Hands-On Novel HPC Workshop

Welcome to the Hands-On Novel HPC Workshop! This repository contains the materials and guides for transitioning your workflows from local, serial execution to parallel, large-scale execution on the Novel HPC cluster.

1. Why use HPC?

Moving to a High-Performance Computing (HPC) environment offers two primary benefits:

Exploration (Breadth): Individual compute forces sequential experimentation. HPC allows for simultaneous exploration of the solution space. Fail faster to succeed sooner.
Scale of Experiments (Depth): Access to High-Mem GPUs (like the RTX A6000 48GB or A100 80GB) allows for massive batch sizes. This means faster training, stabilized gradients, and the ability to train models that physically cannot fit on local hardware.

2. HPC Tooling

Reproducibility with Enroot: Installing bespoke libraries on shared infrastructure is a nightmare. We use Enroot to run Docker container images without root privileges, ensuring your environment is perfectly reproducible.

Enroot Basic Workflow:

# 1. Import
enroot import docker://pytorch/pytorch:latest
# 2. Create
enroot create -n my-env pytorch_demo.sqsh
# 3. Run
srun --time=03:00:00 --job-name=ttytest --gres=gpu:1 --container-image=./pytorch_demo.sqsh --container-mount-home --pty bash

Managing Chaos with Tracking: When running parallel jobs, terminal output is not enough. We highly recommend using Experiment Tracking (e.g., ClearML, W&B, Neptune) to automatically log environments, git commits, code diffs, and live scalar variables (Loss, Accuracy).

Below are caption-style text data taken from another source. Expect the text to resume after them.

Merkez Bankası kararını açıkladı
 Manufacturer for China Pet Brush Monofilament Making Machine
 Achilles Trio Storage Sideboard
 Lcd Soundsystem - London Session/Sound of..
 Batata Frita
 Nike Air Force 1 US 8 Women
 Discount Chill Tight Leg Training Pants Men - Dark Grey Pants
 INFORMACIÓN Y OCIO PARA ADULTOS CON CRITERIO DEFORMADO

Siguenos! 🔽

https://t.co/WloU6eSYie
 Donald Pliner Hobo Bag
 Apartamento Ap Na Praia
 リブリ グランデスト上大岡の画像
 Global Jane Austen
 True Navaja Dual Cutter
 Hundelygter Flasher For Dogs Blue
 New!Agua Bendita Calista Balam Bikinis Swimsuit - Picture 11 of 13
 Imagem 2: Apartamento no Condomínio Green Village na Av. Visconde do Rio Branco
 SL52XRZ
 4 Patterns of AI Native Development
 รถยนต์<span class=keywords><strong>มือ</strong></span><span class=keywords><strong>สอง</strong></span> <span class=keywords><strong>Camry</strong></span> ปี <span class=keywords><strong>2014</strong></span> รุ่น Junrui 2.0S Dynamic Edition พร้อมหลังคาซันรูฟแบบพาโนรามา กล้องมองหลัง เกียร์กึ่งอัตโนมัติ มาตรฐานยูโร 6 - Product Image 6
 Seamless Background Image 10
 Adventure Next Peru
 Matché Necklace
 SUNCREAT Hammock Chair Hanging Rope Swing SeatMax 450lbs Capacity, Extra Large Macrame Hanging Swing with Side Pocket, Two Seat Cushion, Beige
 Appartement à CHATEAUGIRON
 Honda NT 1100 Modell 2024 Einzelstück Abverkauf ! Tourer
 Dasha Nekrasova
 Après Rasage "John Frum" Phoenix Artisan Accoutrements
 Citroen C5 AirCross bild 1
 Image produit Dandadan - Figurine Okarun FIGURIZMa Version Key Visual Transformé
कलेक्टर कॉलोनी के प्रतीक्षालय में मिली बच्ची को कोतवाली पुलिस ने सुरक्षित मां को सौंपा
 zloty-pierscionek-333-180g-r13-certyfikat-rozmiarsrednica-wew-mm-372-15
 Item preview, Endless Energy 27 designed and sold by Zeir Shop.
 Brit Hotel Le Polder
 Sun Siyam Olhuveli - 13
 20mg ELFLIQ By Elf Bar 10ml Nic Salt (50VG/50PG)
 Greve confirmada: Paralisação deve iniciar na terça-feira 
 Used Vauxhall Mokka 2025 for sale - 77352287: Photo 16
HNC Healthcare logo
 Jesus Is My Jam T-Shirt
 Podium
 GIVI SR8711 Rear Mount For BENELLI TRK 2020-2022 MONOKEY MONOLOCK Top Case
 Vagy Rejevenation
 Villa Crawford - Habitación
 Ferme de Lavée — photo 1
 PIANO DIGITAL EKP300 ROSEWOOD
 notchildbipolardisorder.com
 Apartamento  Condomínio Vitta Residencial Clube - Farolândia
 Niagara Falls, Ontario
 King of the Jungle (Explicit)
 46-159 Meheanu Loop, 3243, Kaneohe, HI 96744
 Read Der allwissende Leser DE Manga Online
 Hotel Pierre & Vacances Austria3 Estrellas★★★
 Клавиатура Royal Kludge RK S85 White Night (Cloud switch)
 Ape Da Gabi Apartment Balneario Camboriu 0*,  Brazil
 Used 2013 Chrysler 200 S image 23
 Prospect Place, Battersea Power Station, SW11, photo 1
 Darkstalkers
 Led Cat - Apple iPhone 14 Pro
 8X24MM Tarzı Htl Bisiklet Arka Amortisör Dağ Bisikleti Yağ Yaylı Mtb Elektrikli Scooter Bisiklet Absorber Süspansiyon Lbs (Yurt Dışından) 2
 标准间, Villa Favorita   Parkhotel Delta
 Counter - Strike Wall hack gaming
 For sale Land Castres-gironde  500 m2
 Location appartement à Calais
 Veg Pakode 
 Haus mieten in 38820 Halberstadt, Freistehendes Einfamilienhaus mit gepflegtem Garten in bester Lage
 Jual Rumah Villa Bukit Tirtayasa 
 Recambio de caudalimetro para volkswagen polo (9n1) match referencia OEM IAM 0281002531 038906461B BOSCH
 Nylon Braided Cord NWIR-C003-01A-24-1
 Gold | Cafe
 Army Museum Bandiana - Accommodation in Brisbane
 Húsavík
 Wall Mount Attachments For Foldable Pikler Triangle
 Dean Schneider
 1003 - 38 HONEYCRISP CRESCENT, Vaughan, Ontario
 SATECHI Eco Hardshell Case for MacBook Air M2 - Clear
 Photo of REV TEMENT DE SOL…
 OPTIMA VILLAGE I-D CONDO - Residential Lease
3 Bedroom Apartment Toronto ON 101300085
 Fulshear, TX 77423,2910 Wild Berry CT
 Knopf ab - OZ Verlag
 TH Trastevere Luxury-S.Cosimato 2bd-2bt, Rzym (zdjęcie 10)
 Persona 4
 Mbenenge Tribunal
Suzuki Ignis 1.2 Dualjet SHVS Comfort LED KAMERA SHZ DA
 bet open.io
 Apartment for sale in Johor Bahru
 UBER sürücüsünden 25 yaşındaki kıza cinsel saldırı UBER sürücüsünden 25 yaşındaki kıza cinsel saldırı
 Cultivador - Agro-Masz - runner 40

3. Cluster Access & SSH Keys

You must be on the university network (e.g. through the Cisco VPN) to access the cluster.

Basic Access & Testing

# 0. You should be on the university network
ping -c5 login.novel.hpc

# 1. SSH in (use 10.10.33.11 or 10.10.33.12 if the hostname fails)
ssh <first_initial><lastname>@login.novel.hpc

# 2. Check slurm
sinfo

# 3. Run a test
srun --time=00:00:05 --job-name=testjobg --partition=gpu --gres=gpu:1 nvidia-smi
# or
srun --time=00:00:05 --job-name=testjobc --partition=cpu lscpu

SSH Key Generation & Config

It is highly recommended (and required for VSCode) to generate per-device SSH keys for a minimal attack surface. Run these commands on YOUR device:

# 0. CD to .ssh
cd ~/.ssh/

# 1. Make a key
ssh-keygen -t rsa -b 4096 -f "id_novelfrom${HOSTNAME}_rsa"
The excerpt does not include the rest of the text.